Electro-optical switching from monocrystalline blue phases show increased modulation and less scattering than in polycrystalline samples

==First blue phase LCD==
In May, 2008 Samsung Electronics announced that it has developed the world's first Blue Phase LCD panel which can be operated at an unprecedented refresh rate of 240 Hz. Samsung unveiled a 15 inch prototype model of its Blue Phase LCD panel at the SID (Society for Information Display) 2008 international Symposium, Seminar and Exhibition, which was held in Los Angeles from May 18 to 23, 2008.

Developed with a look at cost-efficiency, Samsung's Blue Phase mode does not require liquid crystal alignment layers, unlike today's most widely used TFT LCD modes such as Twisted Nematic (TN), In-Plane Switching (IPS) or Vertical Alignment (VA). The Blue Phase mode can make its own alignment layers, eliminating the need for any mechanical alignment and rubbing processes. This reduces the number of required manufacturing steps, resulting in savings on production costs. Additionally it has been claimed that Blue Phase panels would reduce the sensitivity of the liquid crystal layer to mechanical pressure which could impair the lateral uniformity of display (e.g. luminance, chromaticity).

In a blue phase based LCD for TV applications it is not the selective reflection of light according to the lattice pitch (Bragg reflection) that is used for display of visual information, but an external electric field induces a birefringence in the liquid crystal via the Kerr effect. That field induced birefringence becomes apparent as a change of transmission when the Blue Phase Mode LC layer is placed between crossed polarizers.
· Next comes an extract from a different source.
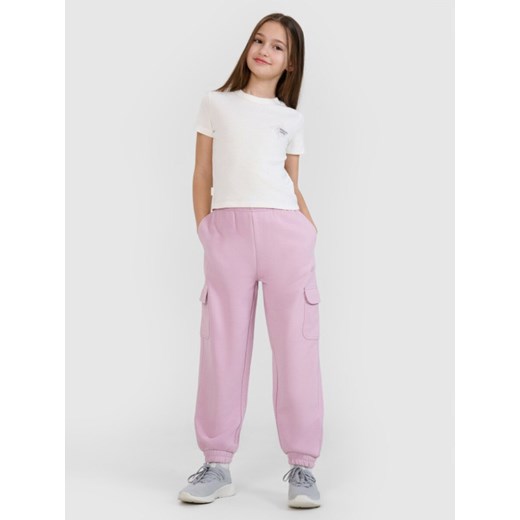 Dziewczęce spodnie dresowe joggery 4F 4FJWSS25TTROF1135 - różowe ze sklepu Sportstylestory.com w kategorii Spodnie dziewczęce - zdjęcie 184610994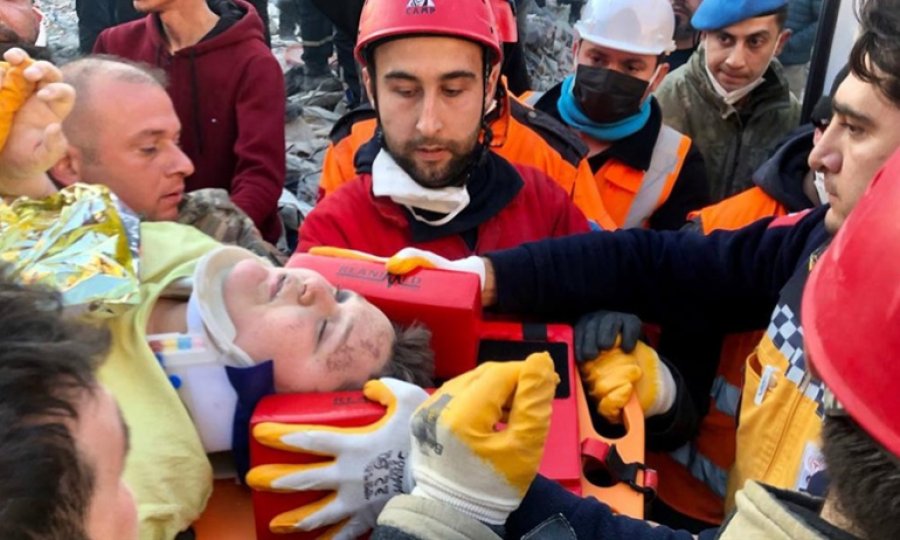 Hatay'da depremin 182'nci saatinde 12 yaşında bir çocuk enkazdan kurtarıldı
For a detailed discussion of the blue phase LCs in in-plane switching (IPS) structures and related modeling method based on the Kerr effect in a macroscopic scale, see references. With an isotropic dark state, blue phase LCDs show many notable electro-optic performances. Presently, the driving voltage of blue phase LCs in IPS structures remains slightly too high. Material engineering for developing high Kerr constant mixtures is critically important for reducing the voltage, and device design may also be effective for this purpose; with proper structure design, the driving voltage can be largely reduced.